A potter's wheel of radius 0.19m and mas 82.10 kg is freely rotating at 46.0 rev/min. The potter can stop the wheel in 8.4 s by pressing a wet rag against the rim
a. What is the angular acceleration of the wheel? In rad/s^2.
Note: Is the formula to use in this problem t=I*a?Where I is moment of inertia and a = angular acceleration. How would the data in the problem be set up in the formula?

 

[HallsofIvy]

"Is the formula to use in this problem t=I*a?Where I is moment of inertia and a = angular acceleration."
What is t? Normally t means time but that doesn't make sense. I*a = force.

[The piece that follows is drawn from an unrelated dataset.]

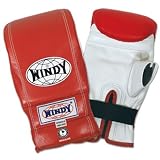 Windy Slip-on Bag Gloves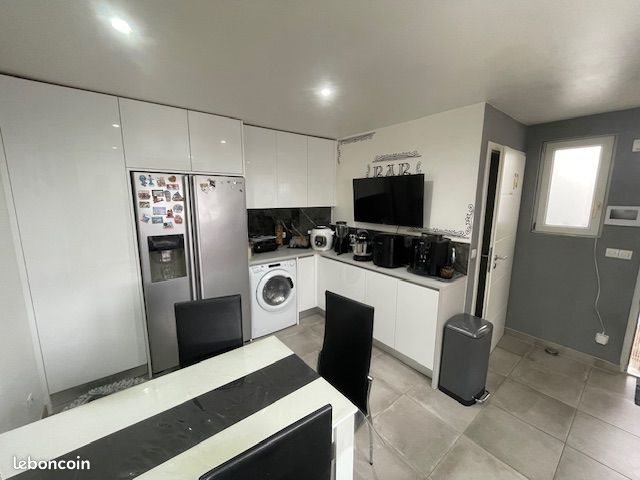 Maison à vendre, 80m², Joudreville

Acceleration is change in speed divided by the time required for the change (the problem says "In rad/s^2"- that's rad/s divided by s). Here you are told that the initial speed is 42 rev/ min (how many revolutions is that per second) and that it slows to 0 in 46 seconds. That's all the information you need.

 

[mustang]

t= torque.
This equation is Newton's second law of rotation. I was wondering if I= 12.5kg*m^2, then to find torque it is force times distance. I was wondering what would be the a to find the force? In addition if it is rev./min for a, do i just leave it in there?

 

[gnome]

I don't see how you're getting that value for I.
For this object
I_cm = (1/2)mr²

But anyway, it's irrelevant here.

As HallsofIvy already told you, you don't need torque or moment of inertia here. You have been given the angular velocity in rev/min, and you are told how long it takes to stop it.

For linear motion:
a_avg = Δv/Δt, right?

Just do the equivalent for angular motion (after converting your given angular velocity to the appropriate units).